■ WHAT THIS TASK INVOLVES: Taking the data below, please print only the lines from the line holding "Lorena online show from 12/19/24, 09:40" to the line holding "Used 2022 GMC Sierra 2500 Denali image 29", inclusive, with pictures omitted.

■ GIVEN RECORDS:
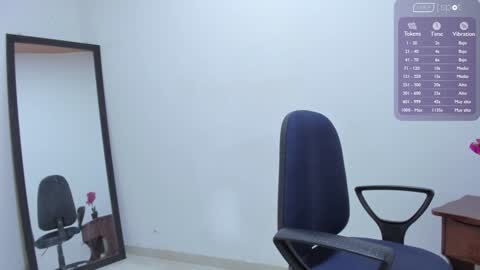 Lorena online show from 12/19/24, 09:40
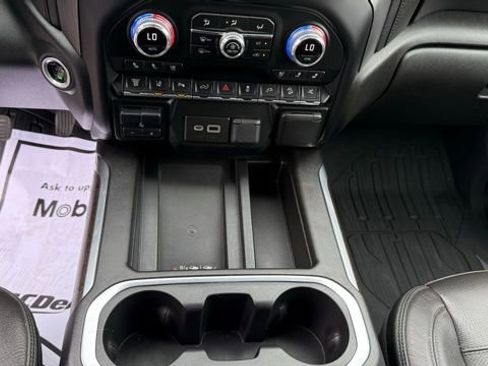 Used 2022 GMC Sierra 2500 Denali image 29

==

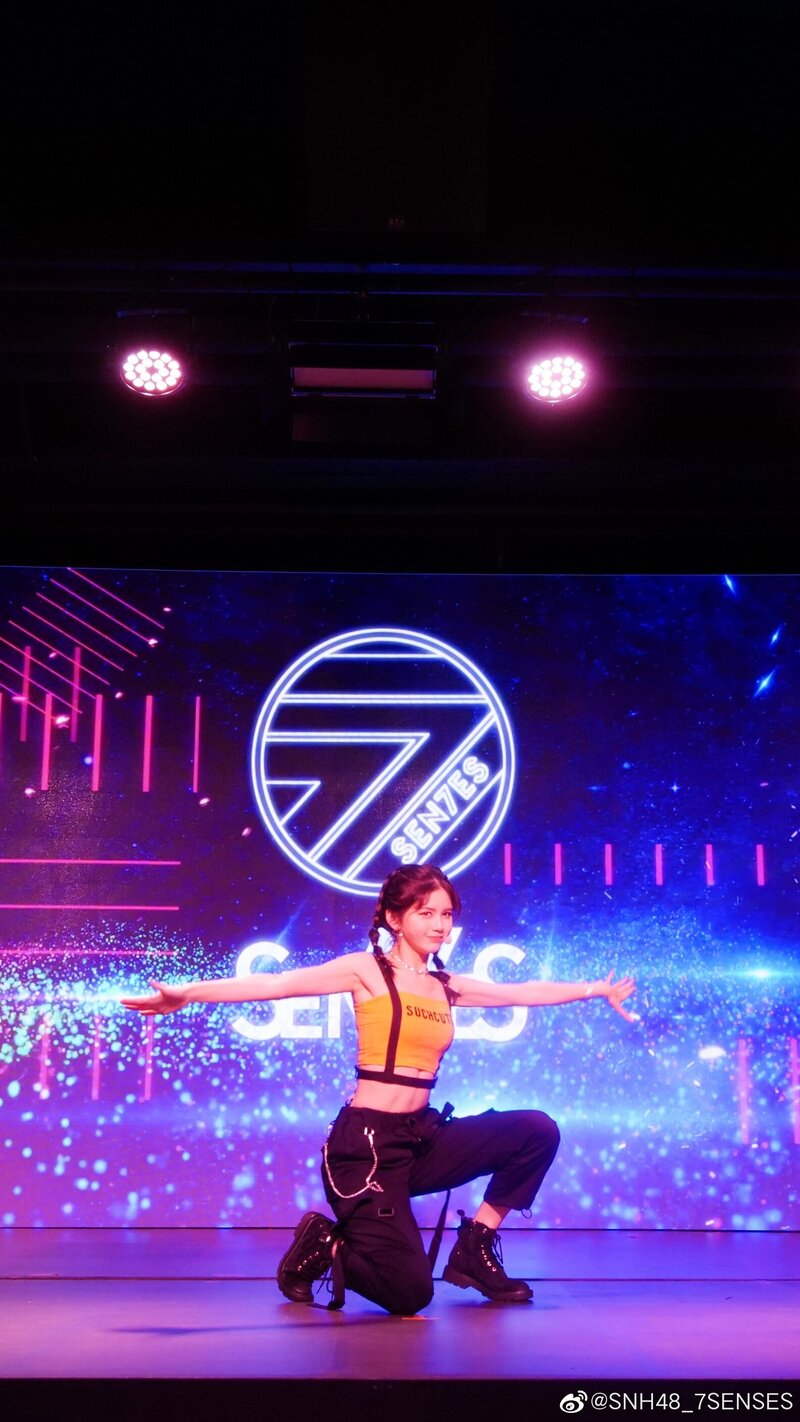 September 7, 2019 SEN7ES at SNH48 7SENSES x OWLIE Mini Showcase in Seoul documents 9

■ REPLY TO THE TASK:
 Lorena online show from 12/19/24, 09:40
 Used 2022 GMC Sierra 2500 Denali image 29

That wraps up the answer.